Jean gähnte erschöpft, als er die Kantine ansteuerte. Seit dem Betreten des Sektenquartiers wurde er von dieser unermüdlichen Quasselstrippe begleitet. Ohne Punkt und Komma redete sie und gab ihn nicht mal eine Chance, etwas zu erwidern. Nicht, dass er das vorhatte, aber sie sollte ihm doch bitte eine Sekunde Zeit geben, seine Ohren auszuruhen. Gestern hatten sie eine anstrengende Mission absolviert, deren Folgen nun an seinen Kräften zehrten. Felicia benahm sich hingegen wie das reinste Energiebündel. Ihr Körper, überhäuft mit blauen Flecken und Schürfwunden, und ihr fröhliches Auftreten passten gar nicht zueinander.

"Jean, alles in Ordnung?
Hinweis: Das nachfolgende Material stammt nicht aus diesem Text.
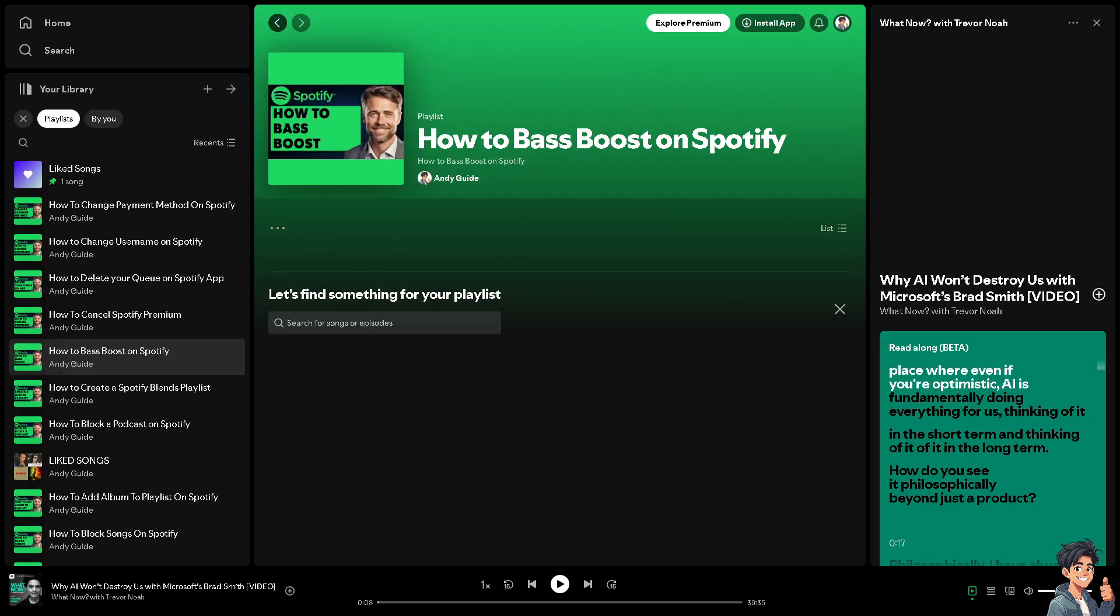Bass Boosting can add more depth and presence to the music that you're listening to, making it feel fuller and more immersive. I find it very beneficial for genres like hip-hop, EDM, and rock where bass plays a crucial role in defining the sound.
Du bist so still.", fragte sie besorgt, kurz vor der Essensausgabe. Hatte sie also doch bemerkt, dass er sie bisher ignoriert hatte. Er zischte leise, enttäuscht, diesen Akt nicht länger aufrechtzuerhalten.

Einen Teller auf dem Tablett abstellend, entgegnete er beiläufig: "Ich rede generell nicht viel. Das solltest du wissen müssen."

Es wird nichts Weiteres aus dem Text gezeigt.